> [Problem description] Keep the wording of the records intact as you retype them, and omit every image.
____
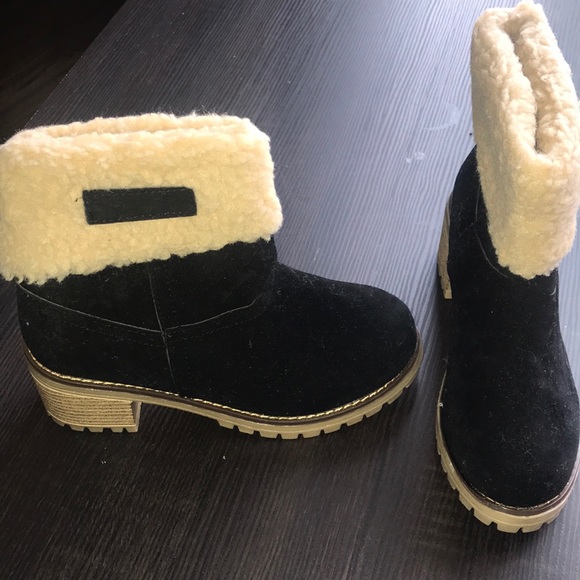 Black boots - Picture 3 of 4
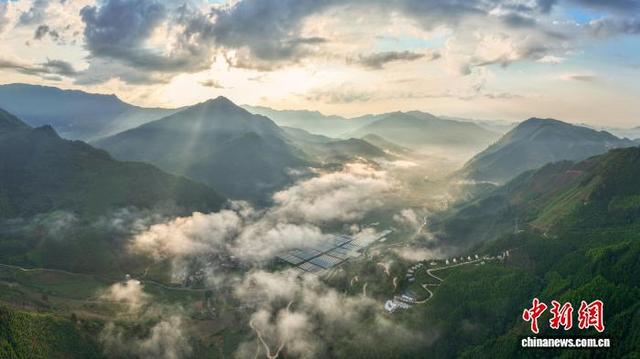 航拍广西田林乡村美景如画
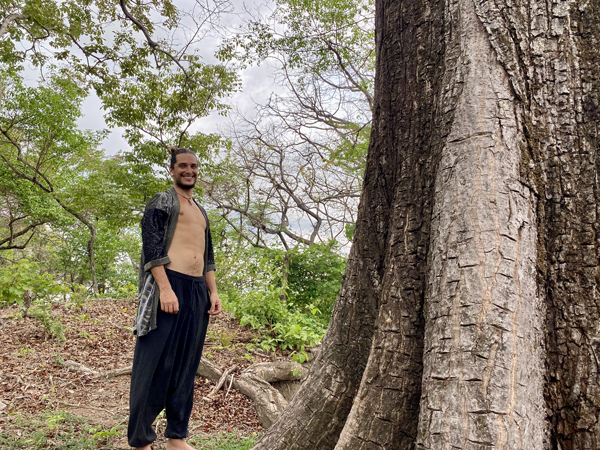 Julian en medio del bosque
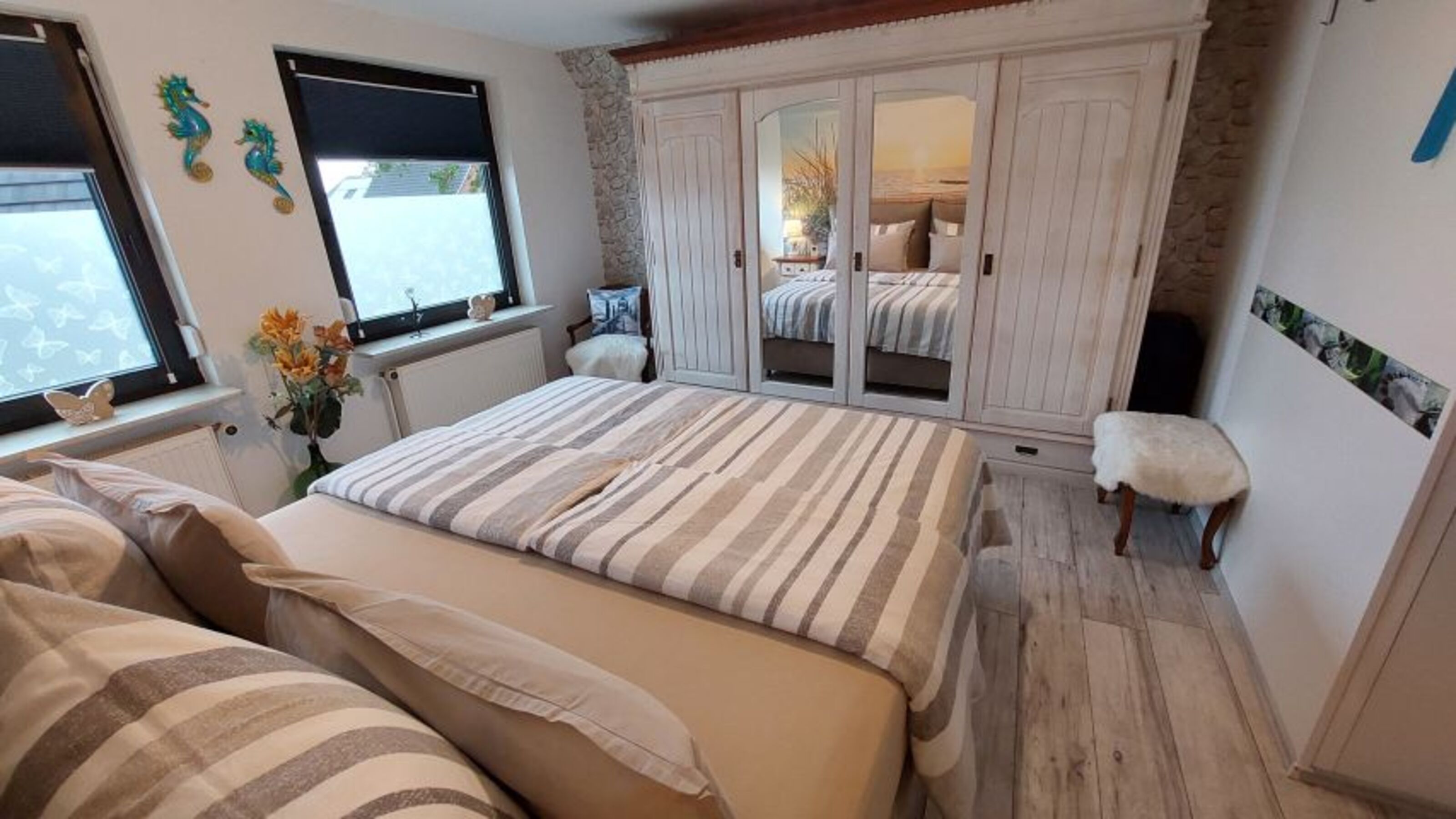 Kleiderschrank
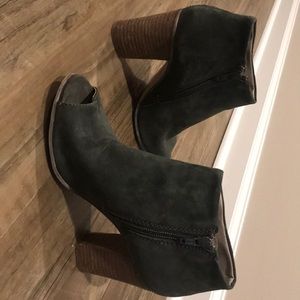 Steve Madden army green suede wedge sandals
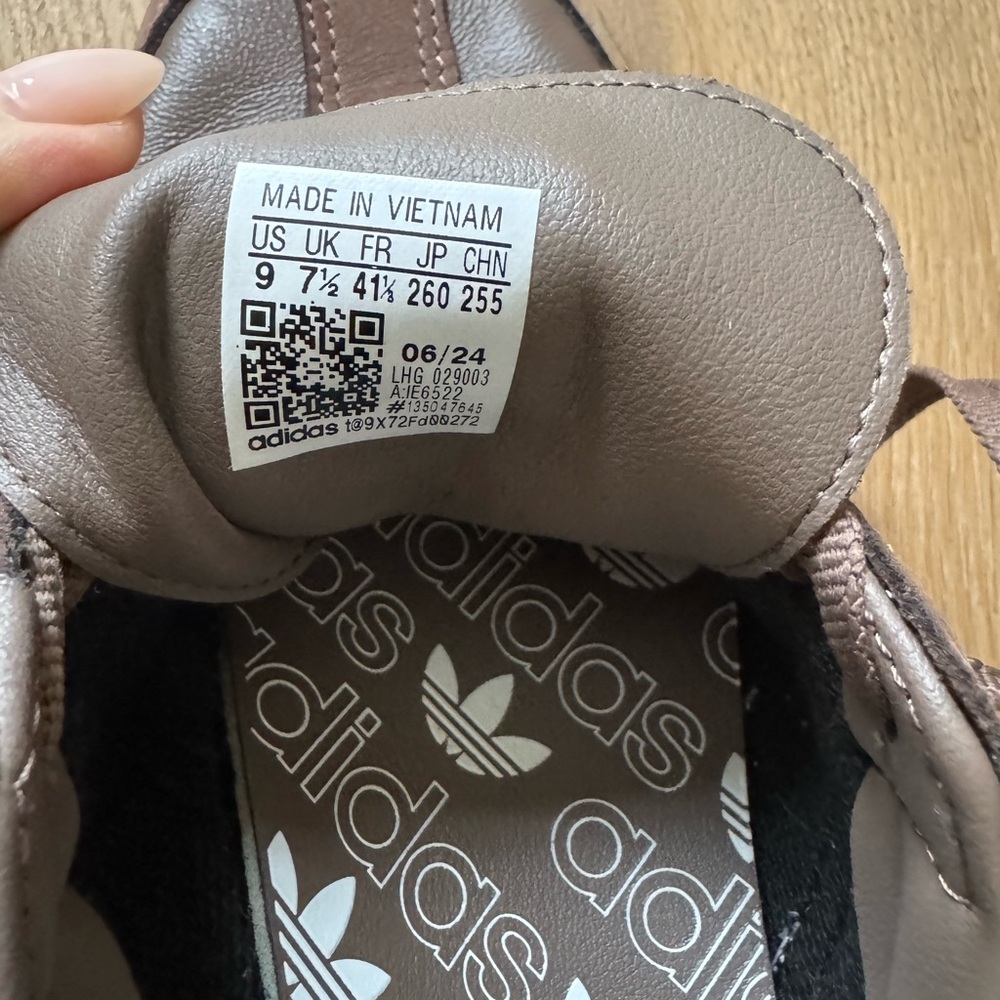 Adidas Earth Brown and White Samba Sneakers Women’s size 9 - Picture 4 of 13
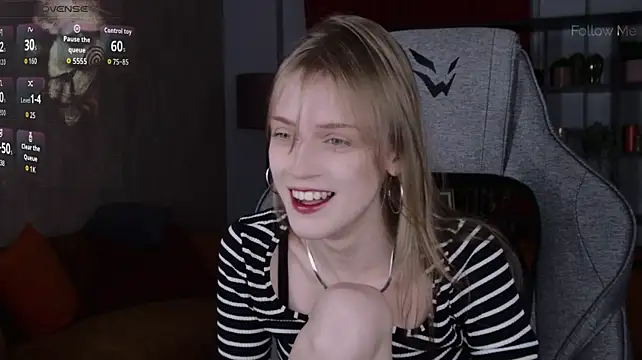 Chat +18 de KiraMontoya ao vivo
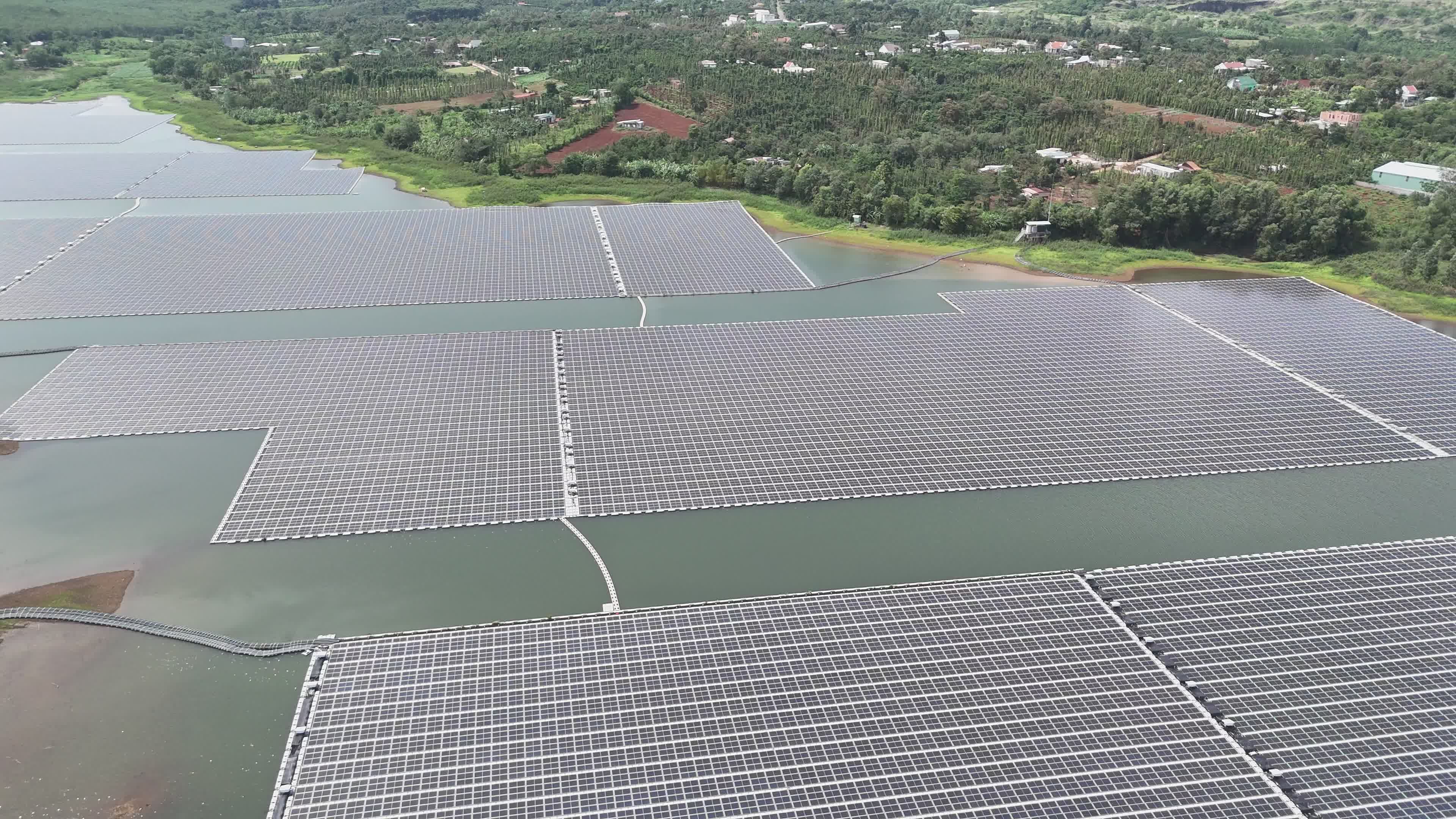 Aerial View of Expansive Floating Solar Farm Free Stock Video Footage ...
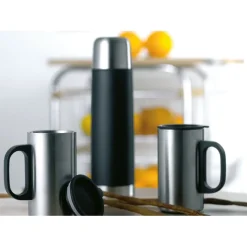 Gift Campaign Thermos pubblicitario con logo da 500ml con 2 tazze da 220ml Mug Set></noscript> Thermos Personalizzati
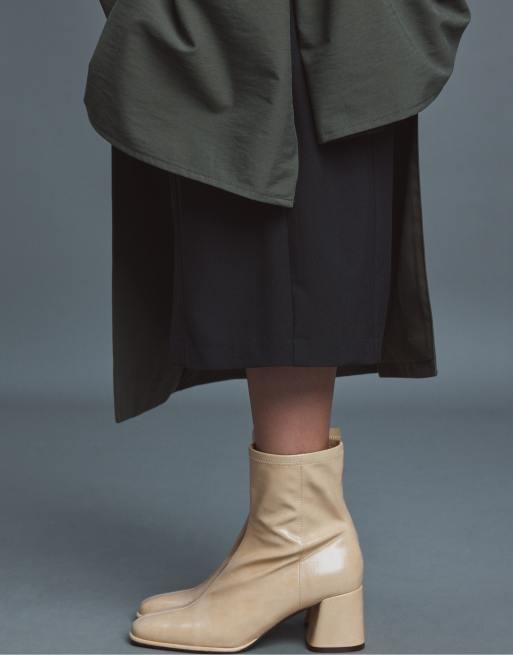 Stradivarius åtsittande skaft ankelboots med klack i beige, 2 av 5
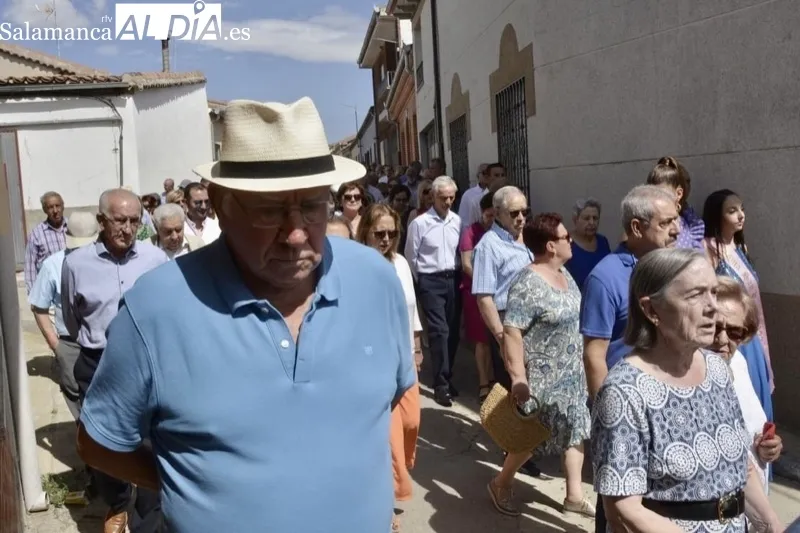 Foto 7 - Macotera se echa a las calles con sus mejores galas para honrar a su patrona, la Virgen de la Encina, con su esperada proces&iacute;&oacute;n y una paellada popular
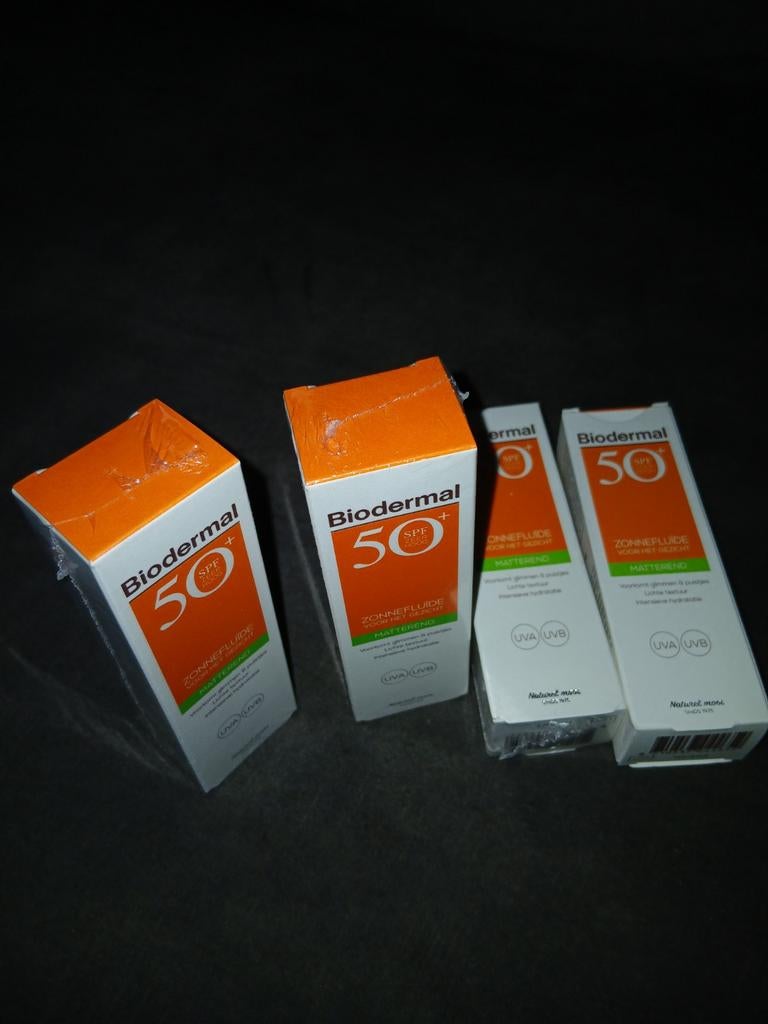 Zonnecreme Biodermal 50 SPF+, Ophalen of Verzenden, Nieuw, Gehele gezicht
____
> [Output of the task]
 Black boots - Picture 3 of 4
 航拍广西田林乡村美景如画
 Julian en medio del bosque
 Kleiderschrank
 Steve Madden army green suede wedge sandals
 Adidas Earth Brown and White Samba Sneakers Women’s size 9 - Picture 4 of 13
 Chat +18 de KiraMontoya ao vivo
 Aerial View of Expansive Floating Solar Farm Free Stock Video Footage ...
 Gift Campaign Thermos pubblicitario con logo da 500ml con 2 tazze da 220ml Mug Set></noscript> Thermos Personalizzati
 Stradivarius åtsittande skaft ankelboots med klack i beige, 2 av 5
 Foto 7 - Macotera se echa a las calles con sus mejores galas para honrar a su patrona, la Virgen de la Encina, con su esperada proces&iacute;&oacute;n y una paellada popular
 Zonnecreme Biodermal 50 SPF+, Ophalen of Verzenden, Nieuw, Gehele gezicht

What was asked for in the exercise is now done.